On being a Japanese dessert cafe inside The Garage Mall - a neighborhood that knows what it wants and takes its time finding it.

Harvard Square is not a tourist destination in the way that most tourist destinations are. People come to it deliberately. The density of independent restaurants and shops - holdouts from an era before chain retail took over every commercial block in Cambridge - gives it a texture that most American neighborhoods have lost.

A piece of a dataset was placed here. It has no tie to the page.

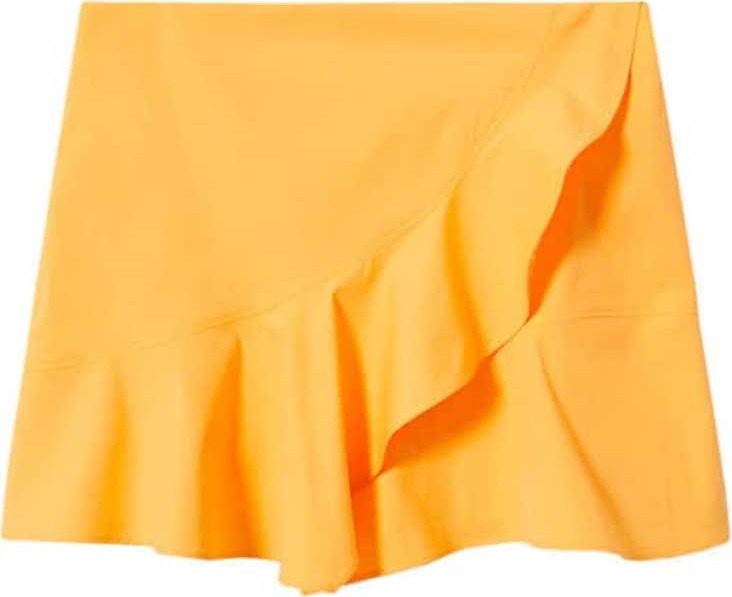 MANGO Sukně 'Zebri' zlatě žlutá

We are on the first floor of The Garage Mall on JFK Street, where Ben and Jerry's used to be. Our neighbors are Memory Shop, Gatcha Zakka - which longtime regulars might remember as Anime Zakka - Subway, Chutneys, and LE's. It is an honest slice of what Harvard Square actually is: not a curated retail concept, just a building full of independent places that have figured out how to stick around.

The foot traffic is a mix of students, locals who have been coming to this block for thirty years, and people walking over from the museums or the Smith Campus Center. It is not a crowd that needs convincing. They are curious by temperament.

The Red Line stop is a three-minute walk. If you are coming from elsewhere in Cambridge or from Boston, it is easier than it looks on a map. Park Street, transfer, two stops.

We are open Monday through Thursday from 1 to 8:30, Friday through Sunday from noon to 8:30.